• [WHAT NEEDS TO BE DONE] Output all of the listing, leaving every line exactly as written.

• [SOURCE DATA]
== Segment start ==
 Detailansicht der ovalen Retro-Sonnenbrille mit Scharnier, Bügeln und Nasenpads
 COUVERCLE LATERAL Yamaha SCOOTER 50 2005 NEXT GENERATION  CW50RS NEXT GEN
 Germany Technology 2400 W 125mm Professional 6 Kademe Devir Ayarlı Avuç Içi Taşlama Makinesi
== Segment end ==
• [WRITTEN RESPONSE]
 Detailansicht der ovalen Retro-Sonnenbrille mit Scharnier, Bügeln und Nasenpads
 COUVERCLE LATERAL Yamaha SCOOTER 50 2005 NEXT GENERATION  CW50RS NEXT GEN
 Germany Technology 2400 W 125mm Professional 6 Kademe Devir Ayarlı Avuç Içi Taşlama Makinesi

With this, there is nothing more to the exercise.